About the RNC

The Russian National Corpus covers the period from the first East Slavic manuscripts of the 11th century to the first decades of the 21st century. It represents both the language of previous eras and the modern Russian, in its sociolinguistic varieties: standard, substandard, colloquial, dialectal. The RNC includes, in particular, fiction texts (prose, poetry, drama, recorded movie dialogues) of a cultural as well as linguistic significance. But RNC is by no means only a corpus of belles-lettres or a model of exemplary language.
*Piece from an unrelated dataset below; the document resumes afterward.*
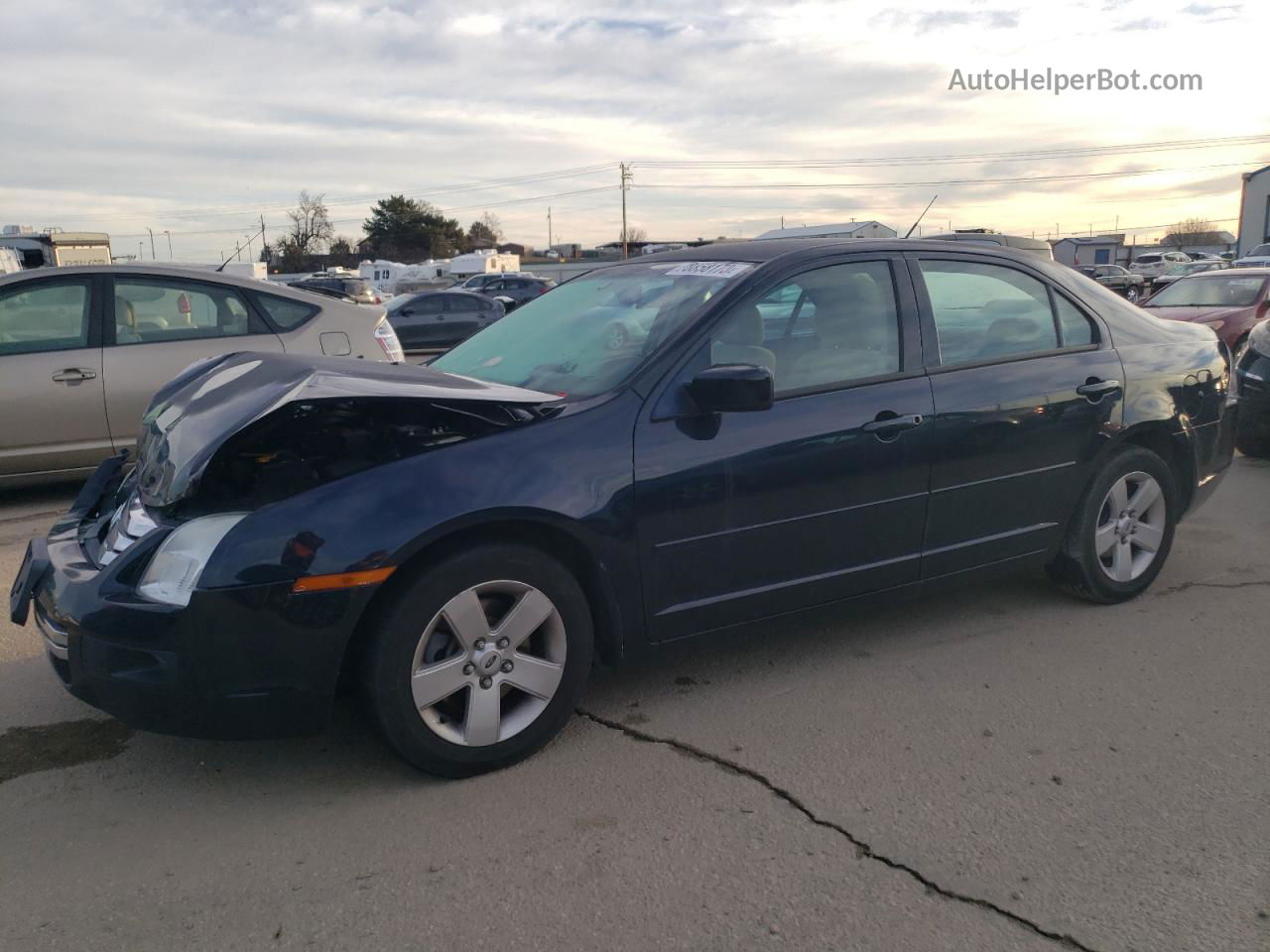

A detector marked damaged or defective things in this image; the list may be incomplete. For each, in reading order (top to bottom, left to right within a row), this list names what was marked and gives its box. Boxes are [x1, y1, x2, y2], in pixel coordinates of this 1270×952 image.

crumpled hood [132, 355, 561, 510]
crack in pavement [1153, 578, 1270, 599]
crack in pavement [578, 710, 1102, 952]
The collection of the texts represents speech genres in all their diversity: memoirs, essays, journalism, popular science and academic literature, recordings of public speeches and private conversations, letters, messages, diaries, blogs private documents, amateur poetry, etc.

For more details, see Structure of the RNC.

Our team

The project involves specialists from the Vinogradov Russian Language Institute [IRL RAS], HSE University [HSE], Kharkevich Institute for Information Transmission Problems [IITP RAS], Institute for Linguistic Studies [IL RAS] in St. Petersburg, Voronezh State University. Yandex has been providing institutional and software support from the very start of the project. Representatives of many other institutions as well as independent researchers, students and graduate students, and volunteers have participated in the project at different times. Detailed information about the project staff who took part in the development of the RNC throughout its history can be found on Our Team page.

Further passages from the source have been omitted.